# DATA PROVIDED:
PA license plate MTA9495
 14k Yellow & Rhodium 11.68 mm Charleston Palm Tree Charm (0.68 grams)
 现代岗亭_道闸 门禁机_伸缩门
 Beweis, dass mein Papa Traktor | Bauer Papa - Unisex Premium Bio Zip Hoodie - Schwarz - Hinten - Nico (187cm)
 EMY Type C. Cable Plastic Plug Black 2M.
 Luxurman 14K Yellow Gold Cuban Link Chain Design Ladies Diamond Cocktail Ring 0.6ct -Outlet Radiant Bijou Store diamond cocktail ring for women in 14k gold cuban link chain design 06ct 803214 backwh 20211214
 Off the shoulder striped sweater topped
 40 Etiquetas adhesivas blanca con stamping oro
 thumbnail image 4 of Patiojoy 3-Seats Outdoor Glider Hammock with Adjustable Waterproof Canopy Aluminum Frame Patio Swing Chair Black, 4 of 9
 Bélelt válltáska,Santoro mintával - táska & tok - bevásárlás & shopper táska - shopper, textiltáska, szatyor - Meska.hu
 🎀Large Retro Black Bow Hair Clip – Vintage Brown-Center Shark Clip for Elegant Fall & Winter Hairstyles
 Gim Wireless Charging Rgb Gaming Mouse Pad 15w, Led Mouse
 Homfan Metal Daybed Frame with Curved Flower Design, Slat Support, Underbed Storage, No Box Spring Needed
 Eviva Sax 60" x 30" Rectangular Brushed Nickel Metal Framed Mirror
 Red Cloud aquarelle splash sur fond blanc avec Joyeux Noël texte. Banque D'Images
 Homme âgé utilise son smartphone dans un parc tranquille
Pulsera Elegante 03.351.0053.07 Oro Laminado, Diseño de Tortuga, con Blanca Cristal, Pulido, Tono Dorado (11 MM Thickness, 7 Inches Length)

# WHAT IS EXPECTED:
Give back exactly the lines starting at the one with "Bélelt válltáska,Santoro mintával" and running to the end of the listing. Include both ends.

# EXERCISE RESPONSE:
 Bélelt válltáska,Santoro mintával - táska & tok - bevásárlás & shopper táska - shopper, textiltáska, szatyor - Meska.hu
 🎀Large Retro Black Bow Hair Clip – Vintage Brown-Center Shark Clip for Elegant Fall & Winter Hairstyles
 Gim Wireless Charging Rgb Gaming Mouse Pad 15w, Led Mouse
 Homfan Metal Daybed Frame with Curved Flower Design, Slat Support, Underbed Storage, No Box Spring Needed
 Eviva Sax 60" x 30" Rectangular Brushed Nickel Metal Framed Mirror
 Red Cloud aquarelle splash sur fond blanc avec Joyeux Noël texte. Banque D'Images
 Homme âgé utilise son smartphone dans un parc tranquille
Pulsera Elegante 03.351.0053.07 Oro Laminado, Diseño de Tortuga, con Blanca Cristal, Pulido, Tono Dorado (11 MM Thickness, 7 Inches Length)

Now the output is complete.